Data Migration Made Fun (and processed in minutes)

There are few people in the world that think data migration from an existing system to a new one is a thrilling activity (if you’re one of those people, you should embrace it, there’s a niche out there for you!). It’s a tedious process typically involving countless spreadsheets, one application to view the source schema/data and another to view the schema of the new data model. Furthermore, in the ESRI GIS world, data migrations are complicated by subtypes, which can have coded value domains that may vary on a given attribute in a single table depending on the subtype of the row in the table. The title of this blog may be a bit of a stretch, there aren’t going to be fireworks or even balloons, but I’d like to show off two Jupyter notebooks I’ve written for data migration. “The Albatross” is the first notebook using a lot of interactive widgets; it presents the relevant information for making decisions about data migration all in one view, enabling the user to configure a data migration easily. “The Hummingbird” is the second, which Extracts/Transforms/Loads (ETL) the data efficiently (like a hummingbird flying back and forth between North and South America) into a target geodatabase.

The Old Way

Most of the design and build phases of data migrations I’ve seen typically revolve around hopping back and forth between tabs on a spreadsheet or going to ArcMap/ArcCatalog to view your existing data. Then over to ArcGIS Pro to review the destination database’s schema to decide what source data goes where. After the decision of what goes where is made, that information is entered into another spreadsheet (while hoping you don’t copy/paste something wrong or type a field or table name incorrectly). After the mapping spreadsheet is created, it gets handed to someone else (who may or may not have been part of the design session(s) to decide what goes where) to translate into yet another application to configure/perform the migration and/or to write code to do the ETL and any pre/post-processing that the main ETL wasn’t suited to do.
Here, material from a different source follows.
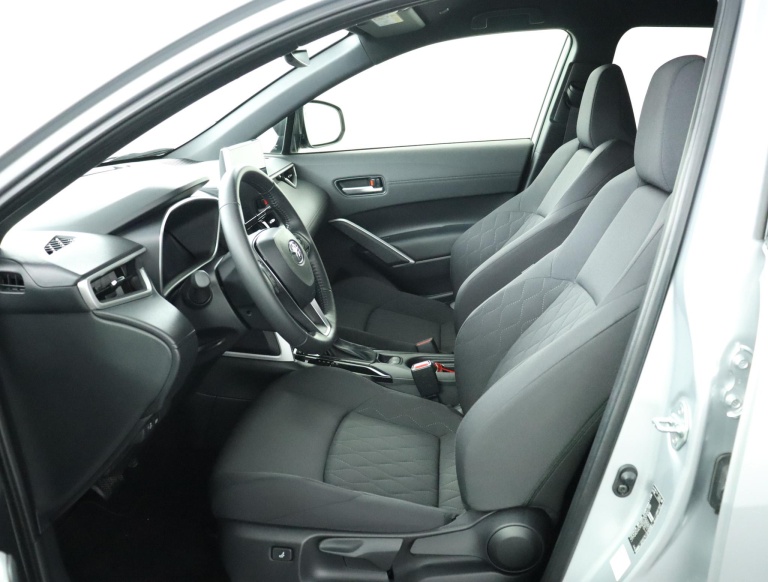 Toyota Corolla Cross - Hybrid 140 Dynamic 17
This approach takes a long time to sort thru the various data sources to get the relevant information and is prone to human error.

The New Way

To configure a migration within the albatross notebook, we have a series of steps to follow:

Run a data assessment on both the source and the destination databases and then open them in the albatross.
Map the tables/subtypes from the source to the destination.
For each table/subtype mapping, map the fields from the source to the destination.
For each field in the destination database with a coded value domain applied, provide any transformations for the source values so they match the codes in the destination field.
Set default values on the fields in the destination database if needed.

In each step, the albatross presents the user with the necessary information about the source data and destination database to perform the step while limiting the extra information that isn’t needed to perform the task.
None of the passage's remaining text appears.